Work instructions>
In the listing that follows, find the line with "Rider Crop Jacket VL4AJ090_2color - 레이브", then copy exactly from it through the line with "第18话 满足不了？（完结） 第 46 页", leaving out every picture.

Data>
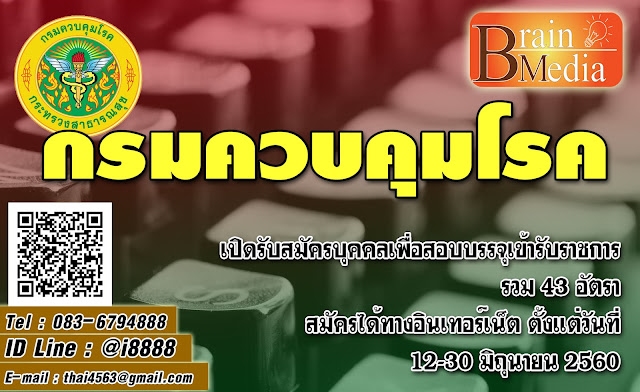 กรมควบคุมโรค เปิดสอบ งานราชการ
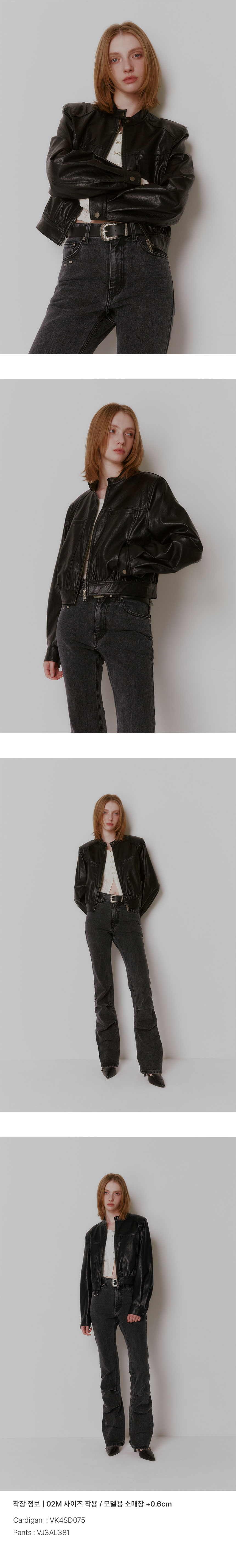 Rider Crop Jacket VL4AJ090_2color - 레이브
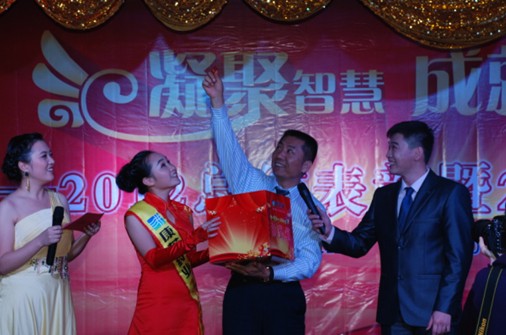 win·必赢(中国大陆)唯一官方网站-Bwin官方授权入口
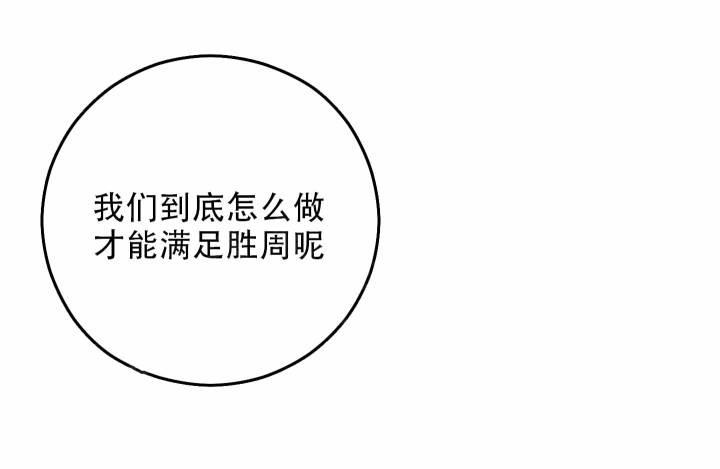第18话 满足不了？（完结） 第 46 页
...
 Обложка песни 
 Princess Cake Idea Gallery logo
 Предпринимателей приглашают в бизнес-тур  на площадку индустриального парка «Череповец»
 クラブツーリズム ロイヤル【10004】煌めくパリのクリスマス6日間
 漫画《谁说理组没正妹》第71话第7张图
==
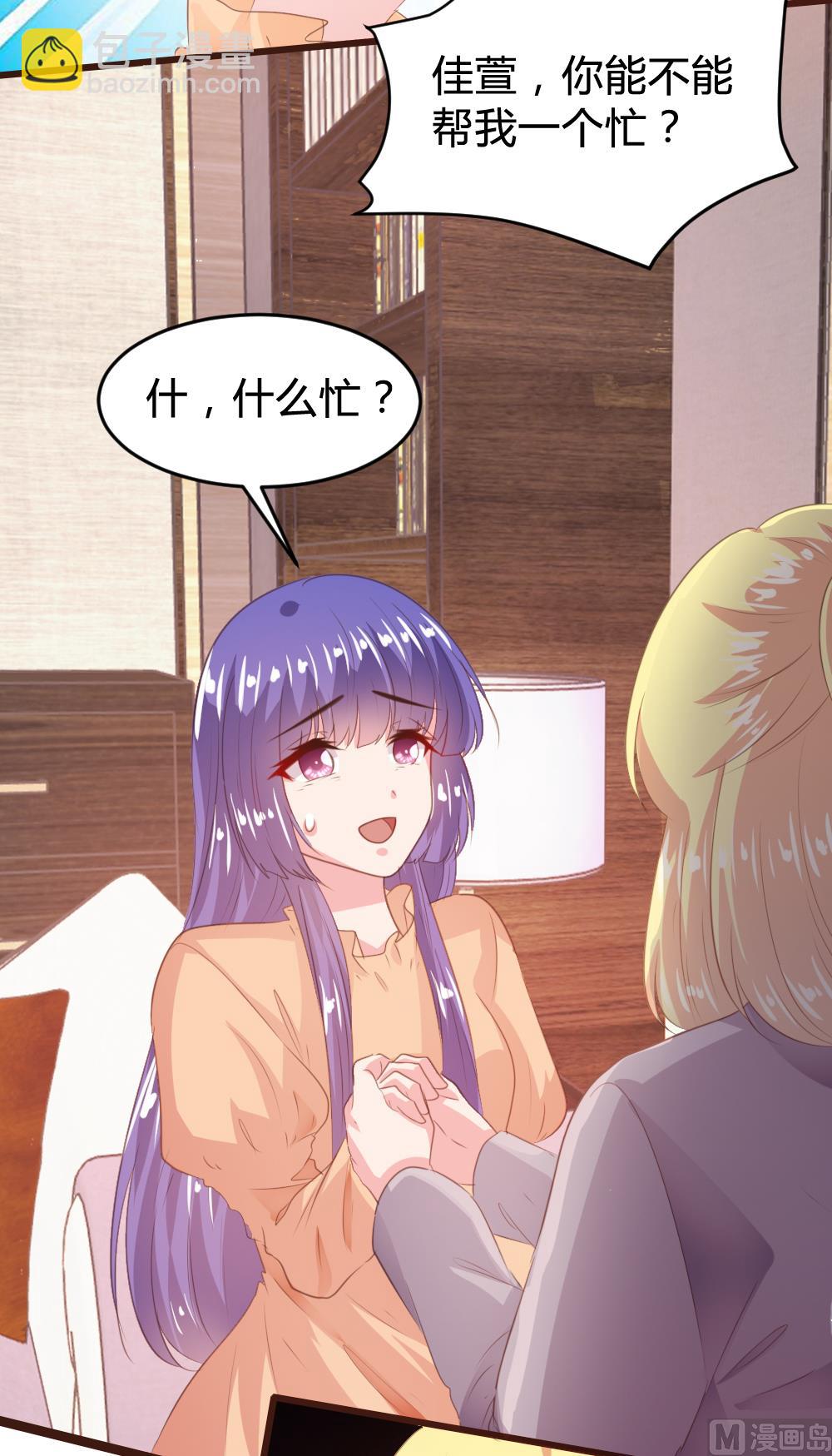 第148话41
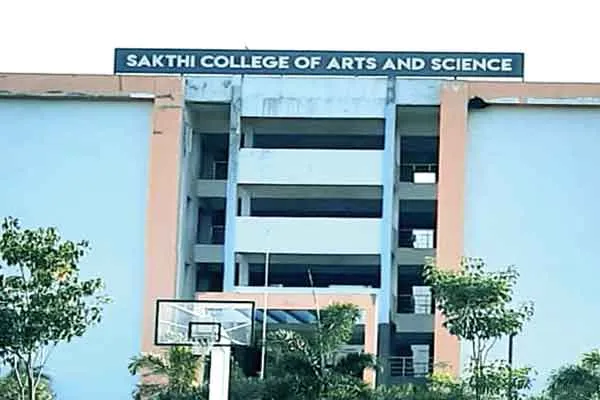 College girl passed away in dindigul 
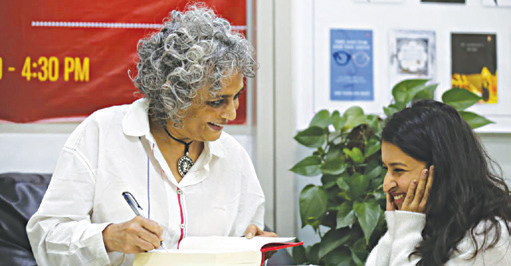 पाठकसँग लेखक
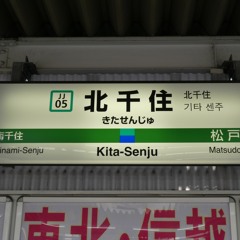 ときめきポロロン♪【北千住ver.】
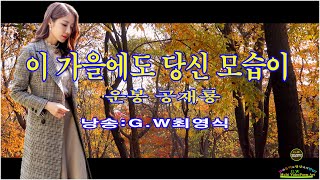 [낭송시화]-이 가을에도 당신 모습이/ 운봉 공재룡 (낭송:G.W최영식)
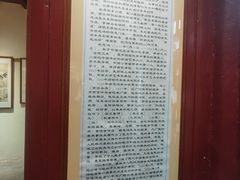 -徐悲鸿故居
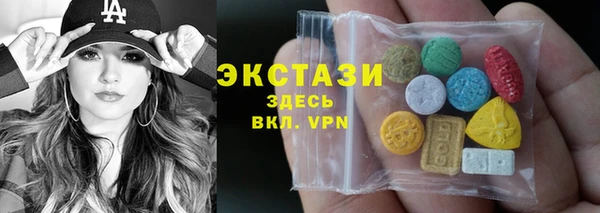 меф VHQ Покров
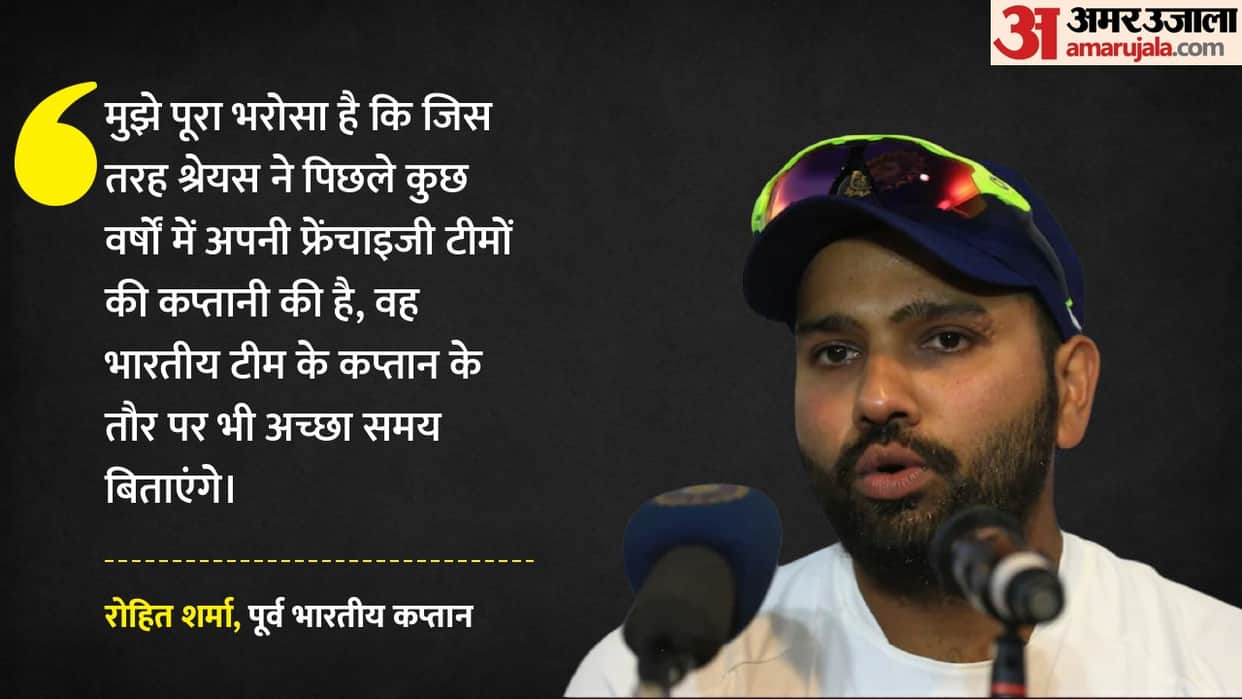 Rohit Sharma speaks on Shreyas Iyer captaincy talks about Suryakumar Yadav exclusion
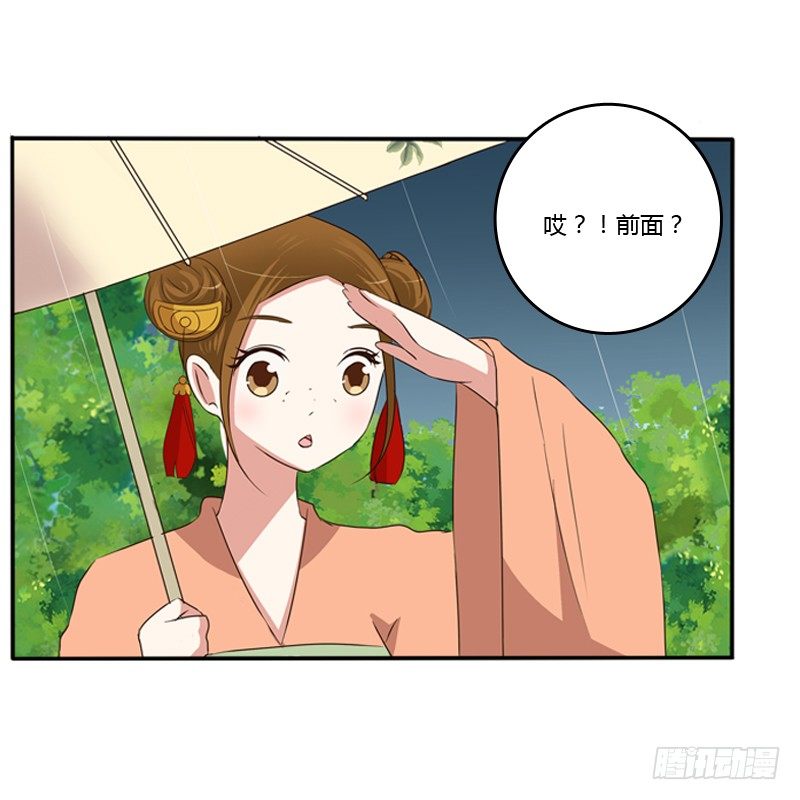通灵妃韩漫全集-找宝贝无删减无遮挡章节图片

Exercise output>
 Rider Crop Jacket VL4AJ090_2color - 레이브
 win·必赢(中国大陆)唯一官方网站-Bwin官方授权入口
第18话 满足不了？（完结） 第 46 页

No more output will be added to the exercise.